The modified code is identical to the original although optimizations are called for. I would like to see an example using a template function. Also, there is no suggestion to use parallel processing instructions like SIMD. It appears that Studio Bot prefers to stay within the C++ context. C and C++ allow for inline assembly instructions and that is a significant improvement in performance. This is probably an attempt to keep the code portable.

Generate low level code (virtual punched cards)

Since we are talking about assembly, we are closer to metal.

prompt:

create an ARM 64-bit assembly language routine called mat_mul that multiplies 
two matrices.

answer:

Sure, here is the ARM 64-bit assembly language routine called mat_mul 
that multiplies two matrices:
/* ARM 64-bit assembly language routine called mat_mul that multiplies 
two matrices.
 *
 * Args:
 *   - r0: Address of the first matrix.
 *   - r1: Address of the second matrix.
 *   - r2: Address of the output matrix.
 *   - r3: Number of rows in the matrices.
 *   - r4: Number of columns in the matrices.
 *
 * Returns:
 *   - The address of the output matrix.
 */

// Multiply two matrices.
// r0: Address of the first matrix.
// r1: Address of the second matrix.
// r2: Address of the output matrix.
// r3: Number of rows in the matrices.
// r4: Number of columns in the matrices.
mat_mul:
// Save the registers that we will be using.
push {r5-r12,lr}

// Get the address of the first element of the first matrix.
mov r5, r0
lsl r5, r5, #2

// Get the address of the first element of the second matrix.
mov r6, r1
lsl r6, r6, #2

// Get the address of the first element of the output matrix.
mov r7, r2
lsl r7, r7, #2

// Loop over the rows of the matrices.
mov r8, #0
1:
// Loop over the columns of the matrices.
mov r9, #0
2:
// Multiply the elements of the current row and column of the matrices.
// Add the products together and store the result in the output matrix.
mul r10, r8, r4
add r11, r10, r9
ldr r10, (r5, r11, lsl #2)
ldr r11, (r6, r9, lsl #2)
mul r10, r10, r11
str r10, (r7, r11, lsl #2)

// Increment the column index.
add r9, r9, #1

// Check if we have reached the end of the columns.
cmp r9, r4
blt 2b

// Increment the row index.
add r8, r8, #1

// Check if we have reached the end of the rows.
cmp r8, r3
blt 1b

// Restore the registers that we were using.
pop {r5-r12,lr}

// Return the address of the output matrix.
ret
This code will multiply two matrices of size r3 x r4 and store the result 
in the matrix at address r2. The matrices are stored in row-major order.

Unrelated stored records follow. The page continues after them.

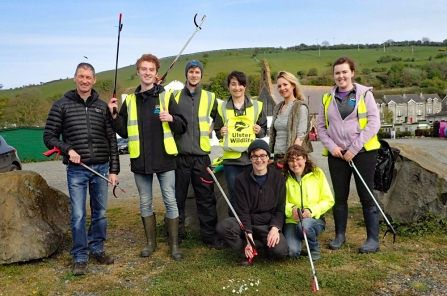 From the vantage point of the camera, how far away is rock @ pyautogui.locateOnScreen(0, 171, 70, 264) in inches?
205

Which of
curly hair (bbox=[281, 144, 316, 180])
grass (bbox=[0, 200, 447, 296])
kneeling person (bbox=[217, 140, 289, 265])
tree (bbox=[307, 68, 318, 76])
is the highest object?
tree (bbox=[307, 68, 318, 76])

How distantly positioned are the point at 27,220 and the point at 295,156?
3.62m

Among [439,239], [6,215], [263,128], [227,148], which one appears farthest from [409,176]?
[6,215]

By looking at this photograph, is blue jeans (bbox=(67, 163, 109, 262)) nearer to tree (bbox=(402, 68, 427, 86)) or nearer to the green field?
the green field

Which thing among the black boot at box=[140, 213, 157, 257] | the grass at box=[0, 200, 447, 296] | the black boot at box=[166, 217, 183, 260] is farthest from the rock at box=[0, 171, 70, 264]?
the black boot at box=[166, 217, 183, 260]

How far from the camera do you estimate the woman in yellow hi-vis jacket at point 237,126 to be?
215 inches

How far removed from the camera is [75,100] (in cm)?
494

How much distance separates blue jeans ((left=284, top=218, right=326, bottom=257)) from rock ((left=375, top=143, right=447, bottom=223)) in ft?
6.74

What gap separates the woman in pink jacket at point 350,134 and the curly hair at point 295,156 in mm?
371

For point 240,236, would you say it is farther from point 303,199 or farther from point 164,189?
point 164,189

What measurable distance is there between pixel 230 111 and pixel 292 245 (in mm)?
1965

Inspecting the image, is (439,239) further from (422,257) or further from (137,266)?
(137,266)

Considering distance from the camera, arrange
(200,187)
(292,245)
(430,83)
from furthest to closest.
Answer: (430,83)
(200,187)
(292,245)

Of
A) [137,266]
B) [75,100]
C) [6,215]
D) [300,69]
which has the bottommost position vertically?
[137,266] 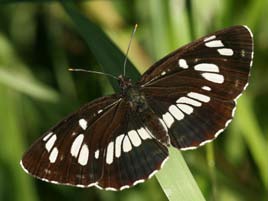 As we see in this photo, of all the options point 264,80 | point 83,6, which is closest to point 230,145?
point 264,80

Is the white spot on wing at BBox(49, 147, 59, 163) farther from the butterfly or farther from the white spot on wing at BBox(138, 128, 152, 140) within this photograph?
the white spot on wing at BBox(138, 128, 152, 140)

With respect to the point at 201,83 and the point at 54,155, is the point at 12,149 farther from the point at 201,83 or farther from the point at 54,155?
the point at 201,83

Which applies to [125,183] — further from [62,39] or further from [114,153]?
[62,39]

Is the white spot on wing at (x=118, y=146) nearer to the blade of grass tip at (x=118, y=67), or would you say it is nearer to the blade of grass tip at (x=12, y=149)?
the blade of grass tip at (x=118, y=67)

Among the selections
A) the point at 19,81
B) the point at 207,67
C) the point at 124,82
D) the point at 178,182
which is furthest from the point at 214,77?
the point at 19,81

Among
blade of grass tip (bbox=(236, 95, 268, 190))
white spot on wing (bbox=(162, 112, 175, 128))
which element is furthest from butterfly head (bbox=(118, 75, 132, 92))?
blade of grass tip (bbox=(236, 95, 268, 190))

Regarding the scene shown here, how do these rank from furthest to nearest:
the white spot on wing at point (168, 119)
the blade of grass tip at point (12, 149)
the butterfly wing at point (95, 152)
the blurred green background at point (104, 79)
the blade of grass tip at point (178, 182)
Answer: the blade of grass tip at point (12, 149)
the blurred green background at point (104, 79)
the white spot on wing at point (168, 119)
the butterfly wing at point (95, 152)
the blade of grass tip at point (178, 182)

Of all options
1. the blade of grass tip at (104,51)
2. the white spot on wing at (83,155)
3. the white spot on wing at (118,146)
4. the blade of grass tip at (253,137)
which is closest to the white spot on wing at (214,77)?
the blade of grass tip at (104,51) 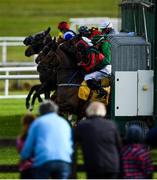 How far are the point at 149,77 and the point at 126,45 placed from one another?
700 millimetres

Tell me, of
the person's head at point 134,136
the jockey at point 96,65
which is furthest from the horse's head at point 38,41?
the person's head at point 134,136

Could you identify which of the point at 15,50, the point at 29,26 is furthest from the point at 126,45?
the point at 29,26

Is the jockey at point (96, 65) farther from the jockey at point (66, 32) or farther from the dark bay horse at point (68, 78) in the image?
the jockey at point (66, 32)

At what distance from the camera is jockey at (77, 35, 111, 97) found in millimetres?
18672

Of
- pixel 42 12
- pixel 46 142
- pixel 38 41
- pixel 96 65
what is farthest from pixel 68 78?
pixel 42 12

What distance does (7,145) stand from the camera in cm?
1317

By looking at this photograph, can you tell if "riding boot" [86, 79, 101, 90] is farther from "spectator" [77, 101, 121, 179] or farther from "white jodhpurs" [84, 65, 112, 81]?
"spectator" [77, 101, 121, 179]

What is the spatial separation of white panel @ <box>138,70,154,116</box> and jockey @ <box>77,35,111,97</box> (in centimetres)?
95

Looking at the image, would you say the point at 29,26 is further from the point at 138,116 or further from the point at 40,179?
the point at 40,179

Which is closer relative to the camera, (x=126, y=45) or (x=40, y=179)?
(x=40, y=179)

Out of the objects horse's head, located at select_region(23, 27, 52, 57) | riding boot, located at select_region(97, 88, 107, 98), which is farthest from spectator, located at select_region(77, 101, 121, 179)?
horse's head, located at select_region(23, 27, 52, 57)

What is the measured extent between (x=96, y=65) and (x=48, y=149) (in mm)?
7644

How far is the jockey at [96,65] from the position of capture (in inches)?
735

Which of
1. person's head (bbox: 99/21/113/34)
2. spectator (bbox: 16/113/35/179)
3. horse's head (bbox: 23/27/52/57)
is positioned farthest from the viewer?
horse's head (bbox: 23/27/52/57) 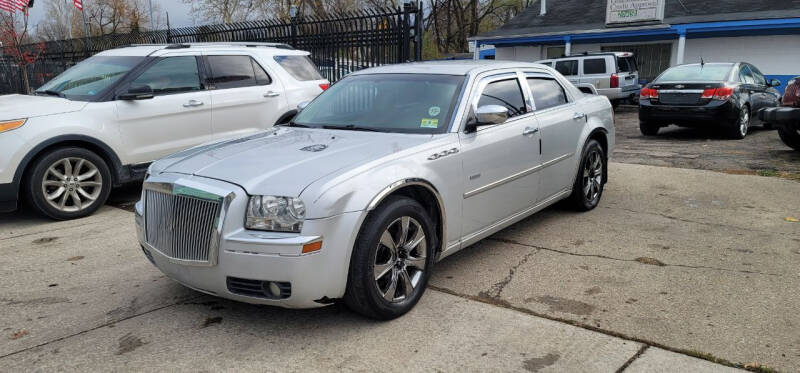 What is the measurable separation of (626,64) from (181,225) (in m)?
18.9

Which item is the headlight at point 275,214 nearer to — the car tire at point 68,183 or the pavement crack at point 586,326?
the pavement crack at point 586,326

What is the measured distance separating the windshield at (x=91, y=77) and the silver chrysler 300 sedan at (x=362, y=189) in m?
2.85

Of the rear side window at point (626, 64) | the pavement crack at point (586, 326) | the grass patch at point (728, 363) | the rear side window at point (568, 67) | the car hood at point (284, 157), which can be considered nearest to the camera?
the grass patch at point (728, 363)

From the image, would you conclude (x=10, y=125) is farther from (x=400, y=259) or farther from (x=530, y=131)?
(x=530, y=131)

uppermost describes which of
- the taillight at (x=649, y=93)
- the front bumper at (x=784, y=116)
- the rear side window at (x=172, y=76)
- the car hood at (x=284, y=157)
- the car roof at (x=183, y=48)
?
the car roof at (x=183, y=48)

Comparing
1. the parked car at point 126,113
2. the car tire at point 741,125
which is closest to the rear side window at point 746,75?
the car tire at point 741,125

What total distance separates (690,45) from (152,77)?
22.1m

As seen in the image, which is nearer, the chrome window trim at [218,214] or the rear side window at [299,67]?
the chrome window trim at [218,214]

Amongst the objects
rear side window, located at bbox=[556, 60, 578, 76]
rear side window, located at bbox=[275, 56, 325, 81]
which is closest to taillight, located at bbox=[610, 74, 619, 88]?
rear side window, located at bbox=[556, 60, 578, 76]

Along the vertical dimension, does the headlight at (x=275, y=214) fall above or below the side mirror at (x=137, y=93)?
below

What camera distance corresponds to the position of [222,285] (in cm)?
351

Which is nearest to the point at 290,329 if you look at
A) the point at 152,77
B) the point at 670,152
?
the point at 152,77

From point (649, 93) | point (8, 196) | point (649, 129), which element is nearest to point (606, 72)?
point (649, 129)

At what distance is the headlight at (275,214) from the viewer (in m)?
3.38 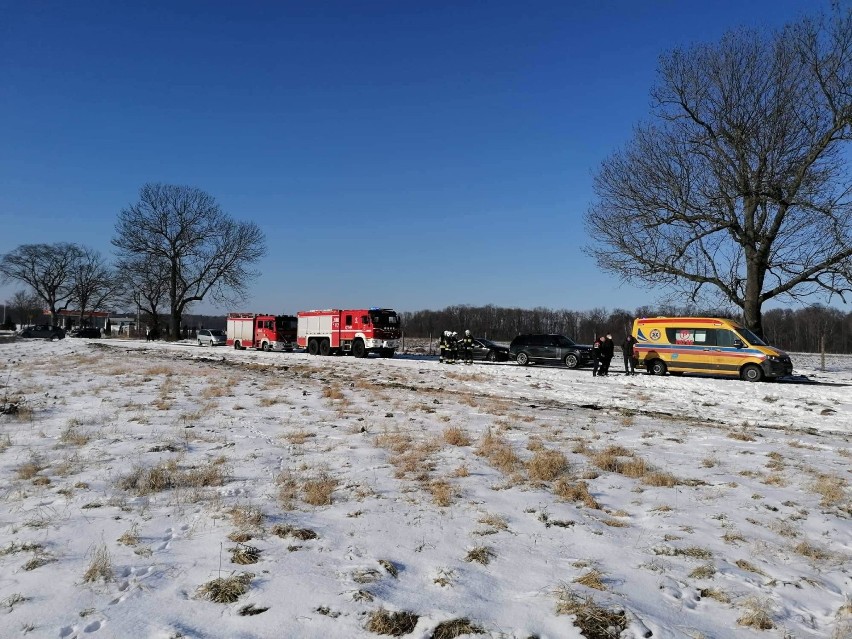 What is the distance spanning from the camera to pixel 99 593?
366cm

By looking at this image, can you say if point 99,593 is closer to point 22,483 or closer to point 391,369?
point 22,483

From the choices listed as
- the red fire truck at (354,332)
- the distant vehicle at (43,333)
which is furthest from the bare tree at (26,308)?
the red fire truck at (354,332)

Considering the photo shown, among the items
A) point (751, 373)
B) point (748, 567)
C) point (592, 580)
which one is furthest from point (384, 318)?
point (592, 580)

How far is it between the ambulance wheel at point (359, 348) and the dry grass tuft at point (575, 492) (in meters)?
26.9

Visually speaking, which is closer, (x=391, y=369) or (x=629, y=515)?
(x=629, y=515)

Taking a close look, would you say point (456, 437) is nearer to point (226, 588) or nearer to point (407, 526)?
point (407, 526)

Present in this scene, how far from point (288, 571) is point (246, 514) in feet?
3.87

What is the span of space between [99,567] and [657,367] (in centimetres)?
2308

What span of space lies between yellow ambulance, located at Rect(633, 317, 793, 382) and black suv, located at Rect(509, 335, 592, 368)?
2858mm

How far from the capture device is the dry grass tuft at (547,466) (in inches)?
268

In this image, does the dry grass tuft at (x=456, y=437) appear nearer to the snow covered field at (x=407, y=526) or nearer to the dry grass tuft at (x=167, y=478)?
the snow covered field at (x=407, y=526)

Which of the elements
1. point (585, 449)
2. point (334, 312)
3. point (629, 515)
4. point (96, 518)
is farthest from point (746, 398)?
point (334, 312)

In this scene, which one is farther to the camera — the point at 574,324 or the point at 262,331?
the point at 574,324

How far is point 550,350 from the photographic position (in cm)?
2730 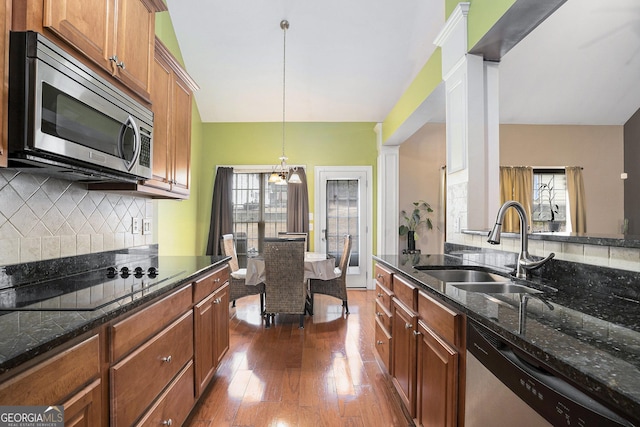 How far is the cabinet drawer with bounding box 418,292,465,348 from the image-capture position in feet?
4.15

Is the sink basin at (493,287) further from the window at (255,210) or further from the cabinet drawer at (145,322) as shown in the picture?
the window at (255,210)

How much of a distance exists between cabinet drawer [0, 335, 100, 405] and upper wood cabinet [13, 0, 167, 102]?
104 cm

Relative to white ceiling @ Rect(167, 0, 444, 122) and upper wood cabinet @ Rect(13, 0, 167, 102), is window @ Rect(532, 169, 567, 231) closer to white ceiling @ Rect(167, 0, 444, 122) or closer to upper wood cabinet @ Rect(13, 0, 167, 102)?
white ceiling @ Rect(167, 0, 444, 122)

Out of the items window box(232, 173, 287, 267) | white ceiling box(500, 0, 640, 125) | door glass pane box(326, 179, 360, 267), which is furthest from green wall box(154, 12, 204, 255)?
white ceiling box(500, 0, 640, 125)

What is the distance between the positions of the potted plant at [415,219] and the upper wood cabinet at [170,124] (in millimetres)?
3788

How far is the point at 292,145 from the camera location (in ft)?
18.9

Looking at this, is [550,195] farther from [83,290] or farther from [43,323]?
[43,323]

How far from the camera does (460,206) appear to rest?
8.52ft

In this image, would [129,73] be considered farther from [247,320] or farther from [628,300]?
[247,320]

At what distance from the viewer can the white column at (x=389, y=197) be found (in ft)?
18.0

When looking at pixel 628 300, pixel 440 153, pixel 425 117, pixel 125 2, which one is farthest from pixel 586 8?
pixel 125 2

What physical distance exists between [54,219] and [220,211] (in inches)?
153

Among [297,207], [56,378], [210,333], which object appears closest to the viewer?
[56,378]

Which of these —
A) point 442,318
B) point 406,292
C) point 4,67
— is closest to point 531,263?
point 442,318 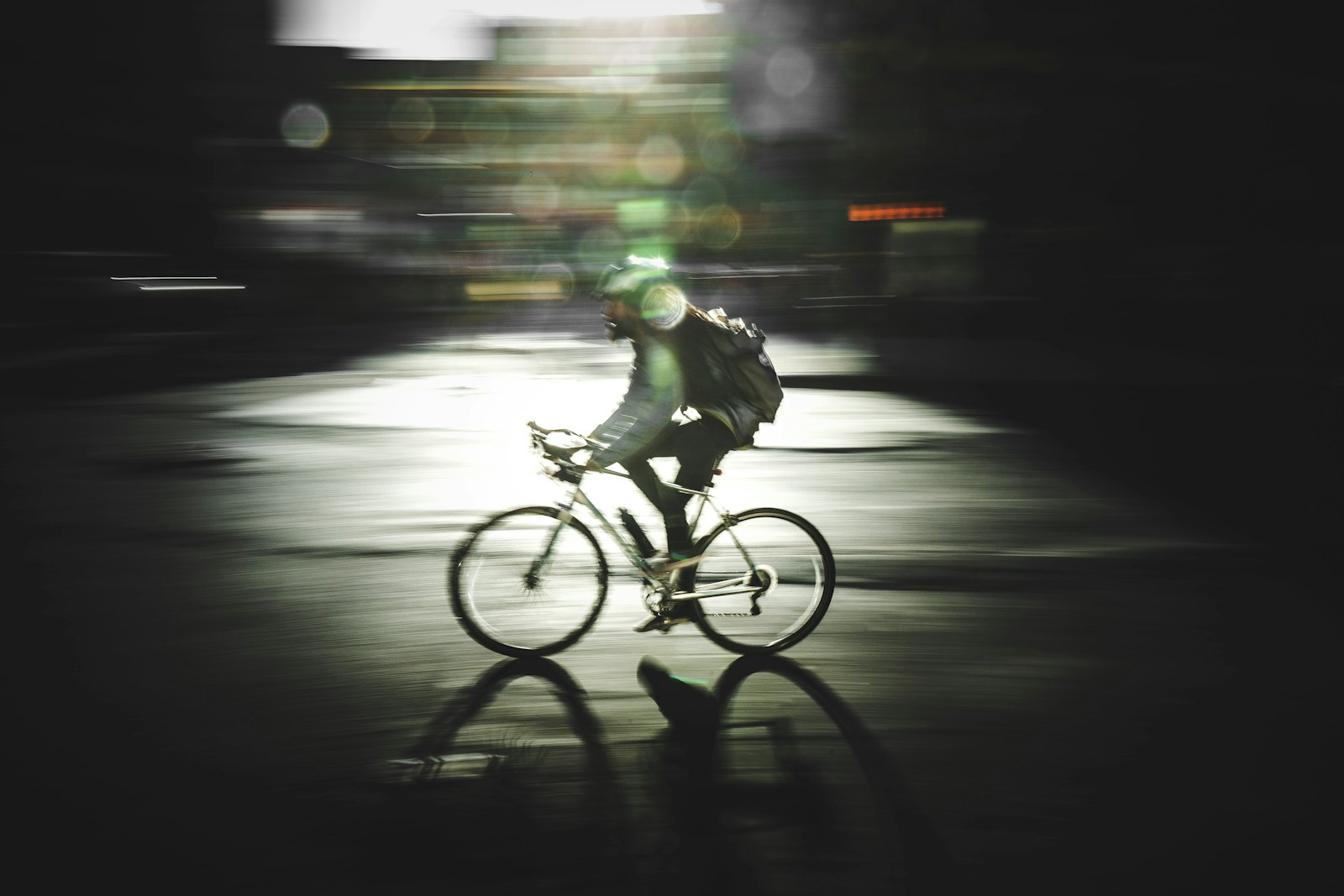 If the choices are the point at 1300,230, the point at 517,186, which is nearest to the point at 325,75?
the point at 517,186

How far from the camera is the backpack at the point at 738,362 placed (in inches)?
182

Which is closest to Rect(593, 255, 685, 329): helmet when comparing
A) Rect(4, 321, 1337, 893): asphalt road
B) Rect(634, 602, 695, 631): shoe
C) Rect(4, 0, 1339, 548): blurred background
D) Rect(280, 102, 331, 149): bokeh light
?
Rect(634, 602, 695, 631): shoe

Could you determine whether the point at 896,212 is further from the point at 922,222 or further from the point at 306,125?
the point at 306,125

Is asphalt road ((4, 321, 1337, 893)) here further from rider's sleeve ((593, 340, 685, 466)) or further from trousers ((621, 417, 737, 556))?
rider's sleeve ((593, 340, 685, 466))

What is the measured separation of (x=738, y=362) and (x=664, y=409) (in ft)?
1.25

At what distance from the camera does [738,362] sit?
4.65 metres

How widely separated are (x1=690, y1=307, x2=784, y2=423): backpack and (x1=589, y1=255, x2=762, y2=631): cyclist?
41 millimetres

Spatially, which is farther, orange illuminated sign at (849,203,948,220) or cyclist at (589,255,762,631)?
orange illuminated sign at (849,203,948,220)

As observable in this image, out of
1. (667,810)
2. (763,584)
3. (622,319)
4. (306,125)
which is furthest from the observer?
(306,125)

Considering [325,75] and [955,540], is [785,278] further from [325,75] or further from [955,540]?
[325,75]

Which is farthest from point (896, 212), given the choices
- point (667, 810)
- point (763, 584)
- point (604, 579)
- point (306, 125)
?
point (306, 125)

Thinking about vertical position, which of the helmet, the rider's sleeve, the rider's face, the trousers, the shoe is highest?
the helmet

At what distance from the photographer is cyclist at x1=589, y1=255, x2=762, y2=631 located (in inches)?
178

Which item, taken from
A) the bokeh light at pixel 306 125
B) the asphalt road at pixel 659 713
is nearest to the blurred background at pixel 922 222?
the asphalt road at pixel 659 713
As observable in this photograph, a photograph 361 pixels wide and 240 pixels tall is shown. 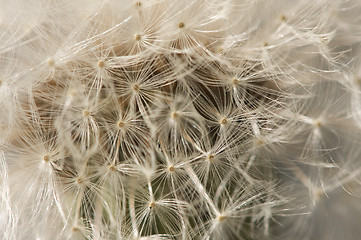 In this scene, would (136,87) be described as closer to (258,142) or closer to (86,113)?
(86,113)

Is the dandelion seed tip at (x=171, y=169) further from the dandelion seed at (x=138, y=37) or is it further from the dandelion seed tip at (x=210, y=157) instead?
the dandelion seed at (x=138, y=37)

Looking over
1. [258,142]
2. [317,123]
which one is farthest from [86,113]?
[317,123]

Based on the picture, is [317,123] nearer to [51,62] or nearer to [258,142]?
[258,142]

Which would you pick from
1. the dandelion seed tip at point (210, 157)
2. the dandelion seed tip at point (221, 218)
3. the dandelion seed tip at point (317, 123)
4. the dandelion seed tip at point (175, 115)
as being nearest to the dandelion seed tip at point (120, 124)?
the dandelion seed tip at point (175, 115)

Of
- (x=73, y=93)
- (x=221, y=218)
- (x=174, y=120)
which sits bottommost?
(x=221, y=218)

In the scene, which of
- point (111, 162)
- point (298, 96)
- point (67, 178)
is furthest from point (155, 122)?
point (298, 96)

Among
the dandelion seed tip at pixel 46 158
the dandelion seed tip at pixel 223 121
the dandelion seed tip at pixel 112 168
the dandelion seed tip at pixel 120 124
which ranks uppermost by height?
the dandelion seed tip at pixel 120 124

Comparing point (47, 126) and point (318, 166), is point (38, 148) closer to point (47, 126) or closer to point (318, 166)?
point (47, 126)

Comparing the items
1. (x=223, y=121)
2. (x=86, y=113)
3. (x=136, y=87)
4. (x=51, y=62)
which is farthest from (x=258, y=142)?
(x=51, y=62)

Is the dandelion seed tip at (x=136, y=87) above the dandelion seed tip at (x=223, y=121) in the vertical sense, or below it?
above

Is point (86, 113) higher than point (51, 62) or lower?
lower

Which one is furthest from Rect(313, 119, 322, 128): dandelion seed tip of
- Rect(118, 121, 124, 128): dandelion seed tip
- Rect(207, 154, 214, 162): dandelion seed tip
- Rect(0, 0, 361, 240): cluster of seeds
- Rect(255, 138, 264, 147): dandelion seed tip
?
Rect(118, 121, 124, 128): dandelion seed tip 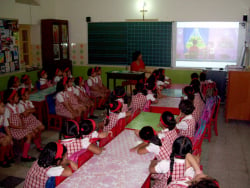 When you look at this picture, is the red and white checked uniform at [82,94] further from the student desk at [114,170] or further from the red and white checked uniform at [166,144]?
the red and white checked uniform at [166,144]

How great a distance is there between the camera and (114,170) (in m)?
2.46

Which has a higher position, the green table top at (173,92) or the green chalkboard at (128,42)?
the green chalkboard at (128,42)

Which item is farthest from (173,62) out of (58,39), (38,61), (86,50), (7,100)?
(7,100)

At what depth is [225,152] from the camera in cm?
449

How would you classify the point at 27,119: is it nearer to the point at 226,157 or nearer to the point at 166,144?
the point at 166,144

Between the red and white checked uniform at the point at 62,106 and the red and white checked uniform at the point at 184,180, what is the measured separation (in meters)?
3.28

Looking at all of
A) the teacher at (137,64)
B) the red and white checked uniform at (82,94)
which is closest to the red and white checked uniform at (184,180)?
the red and white checked uniform at (82,94)

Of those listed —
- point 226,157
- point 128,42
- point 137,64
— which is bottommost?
point 226,157

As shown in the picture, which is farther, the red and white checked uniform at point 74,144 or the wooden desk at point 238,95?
the wooden desk at point 238,95

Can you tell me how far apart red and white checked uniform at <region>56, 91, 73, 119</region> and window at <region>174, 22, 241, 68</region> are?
4190mm

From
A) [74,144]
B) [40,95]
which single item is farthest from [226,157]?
[40,95]

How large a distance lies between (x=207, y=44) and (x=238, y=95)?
8.69 ft

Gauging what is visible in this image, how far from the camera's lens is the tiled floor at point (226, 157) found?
368 cm

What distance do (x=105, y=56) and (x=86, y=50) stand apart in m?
0.67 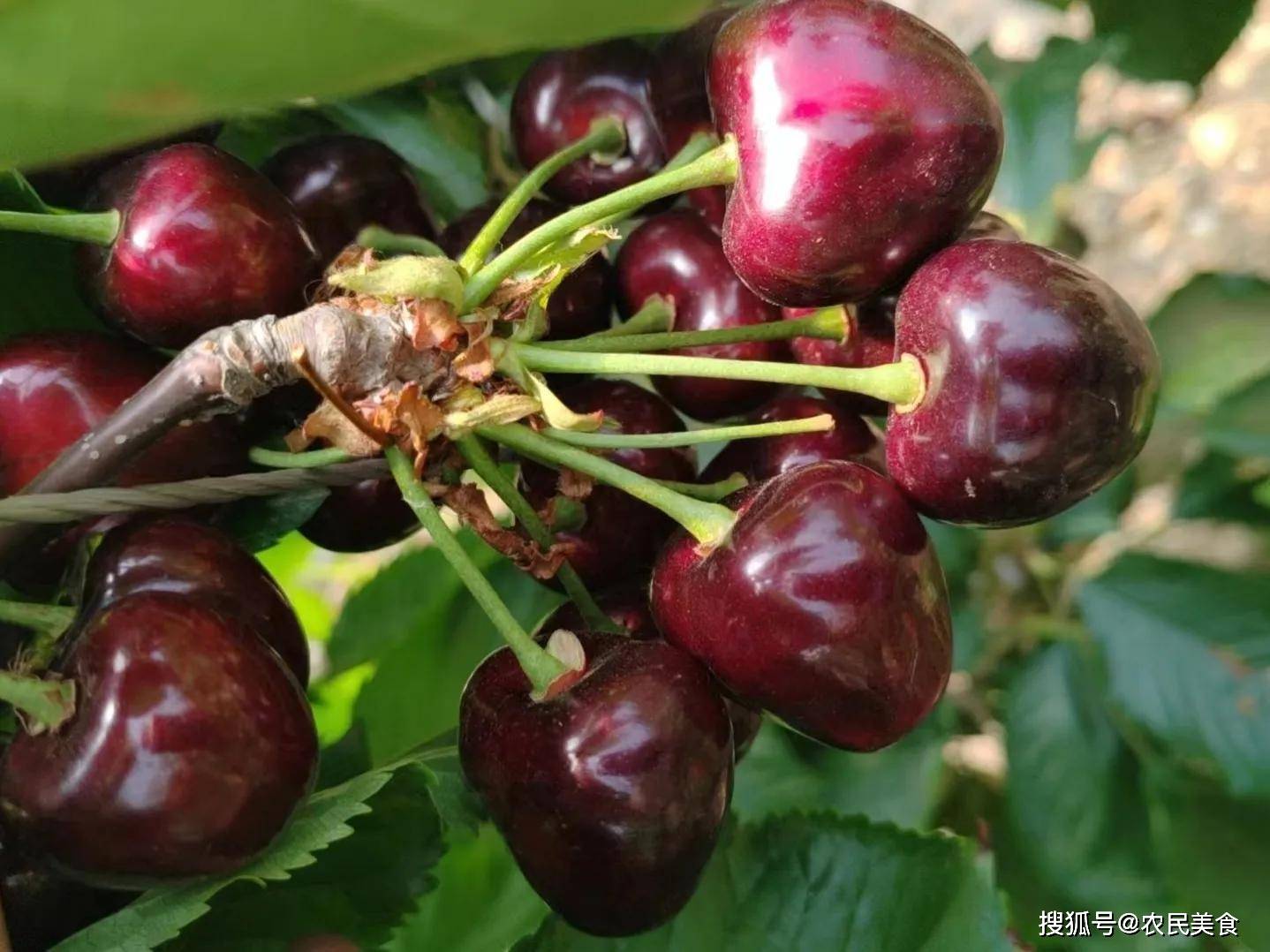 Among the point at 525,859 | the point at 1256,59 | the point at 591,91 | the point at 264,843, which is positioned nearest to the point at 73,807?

I love reading assembly code! And Studio Bot kindly commented out various parts of the code to explain what was going on. However, the blt the instructions are confusing.
In a case after cmp r9, r4, blt should be label branch 2b when r9 less than r4 but I don’t see any label 2b. Maybe what Studio Bot means 2: instead of 2b.

Okay, let’s improve this code. Maybe Studio Bot will suggest SIMD now.

prompt:

How can mat_mul be modified to execute most efficiently?

answer:

Sure, here are some ways to modify the mat_mul routine to execute more 
efficiently:
* Use a vector instead of an array for the matrices. This will allow the 
compiler to generate code that is more efficient for memory access. 
* Use a register instead of a memory address for the matrices. This will
 allow the compiler to access the matrices more efficiently. 
* Use a loop unrolling optimization. This will allow the compiler to
 generate code that executes multiple iterations of the loop in a single 
instruction. 
* Use a SIMD optimization. This will allow the compiler to generate
 code that uses multiple arithmetic units to perform the multiplications in 
parallel.
Here is the modified code:
/* ARM 64-bit assembly language routine called mat_mul that multiplies 
two matrices.
 *
 * Args:
 *   - v0: Vector of the first matrix.
 *   - v1: Vector of the second matrix.
 *   - v2: Vector of the output matrix.
 *   - r3: Number of rows in the matrices.
 *   - r4: Number of columns in the matrices.
 *
 * Returns:
 *   - The address of the output matrix.
 */

// Multiply two matrices.
// v0: Vector of the first matrix.
// v1: Vector of the second matrix.
// v2: Vector of the output matrix.
// r3: Number of rows in the matrices.
// r4: Number of columns in the matrices.
mat_mul:
// Save the registers that we will be using.
push {r5-r12,lr}

// Get the address of the first element of the first matrix.
mov r5, r0
lsl r5, r5, #2

// Get the address of the first element of the second matrix.
mov r6, r1
lsl r6, r6, #2

// Get the address of the first element of the output matrix.
mov r7, r2
lsl r7, r7, #2

// Loop over the rows of the matrices.
mov r8, #0
1:
// Loop over the columns of the matrices.
mov r9, #0
2:
// Multiply the elements of the current row and column of the matrices.
// Add the products together and store the result in the output matrix.
mul r10, r8, r4
add r11, r10, r9
ldr r10, (r5, r11, lsl #2)
ldr r11, (r6, r9, lsl #2)
mul r10, r10, r11
str r10, (r7, r11, lsl #2)

// Increment the column index.
add r9, r9, #1

// Check if we have reached the end of the columns.
cmp r9, r4
blt 2b

// Increment the row index.
add r8, r8, #1

// Check if we have reached the end of the rows.
cmp r8, r3
blt 1b

// Restore the registers that we were using.
pop {r5-r12,lr}

// Return the address of the output matrix.
ret

The modified code looks similar to the original implementation with the exception of the comments. Also, Studio Bot suggests using SIMD but doesn’t provide an example.

Demystify code

Inducing AI to generate code is a nice convenience ​​​​​​​​​but as developers, we should always try to understand the code. Let’s pick some code in a project and let Studio Bot explain it.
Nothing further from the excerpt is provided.